[[ SUPPLIED MATERIAL open ]]

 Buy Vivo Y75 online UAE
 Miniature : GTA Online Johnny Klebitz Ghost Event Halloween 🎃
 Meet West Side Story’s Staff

[[ SUPPLIED MATERIAL closed ]]

AIM OF THE EXERCISE — Every line of the material above should be transcribed as it stands.

SOLUTION TO THIS EXERCISE —
 Buy Vivo Y75 online UAE
 Miniature : GTA Online Johnny Klebitz Ghost Event Halloween 🎃
 Meet West Side Story’s Staff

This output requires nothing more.